Kein "Blitzkrieg" sondern gründlich vorbereitete Machtübernahme

In der Stadt Sheberghan, Geburtsstadt des berühmt-berüchtigten Warlords Abdul Rashid Dostum, eroberten Taliban-Kämpfer dessen Palast und posierten mit dessen beschlagnahmter Militäruniform. Dostum selbst war nicht zugegen. Gegenwärtig befindet er sich in Mazar-e Sharif, Hauptstadt der Provinz Balkh.

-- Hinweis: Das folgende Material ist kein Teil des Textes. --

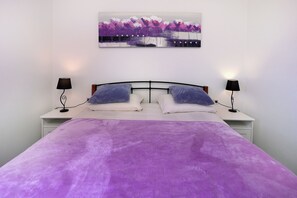 A bedroom with a bed, two bedside lamps, a wall-mounted painting, and a white nightstand. - Island Krk Villa Niko PET FRIENDLY 200meters from hidden sandy beachPET FRIENDLY (Krk)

Während „Mazar“, wie die Afghanen die Stadt nennen, von den Taliban noch nicht erobert wurde, haben sie sich in den umher liegenden Distrikten schon seit Jahren festgesetzt. Ähnlich verhält es sich in praktisch allen anderen Provinzhauptstädten, die von den Taliban erobert wurden, weshalb die Bezeichnung „Blitzkrieg“ eher unzutreffend ist.

Vielmehr agierten die Taliban, unter anderem auch dank lokaler Unterstützung, jahrelang im Schatten der Hauptstädte. Nun sind sie effektiv in Erscheinung getreten und machen vom Moment Gebrauch. Das Resultat: Die betroffenen Regionen fallen wie Dominosteine in die Hände der Extremisten.

Kämpfer der Taliban in der Innenstadt von Herat.
Kämpfer der Taliban in der Innenstadt von Herat. © dpa

Ziel der Taliban: Ein "Islamisches Emirat"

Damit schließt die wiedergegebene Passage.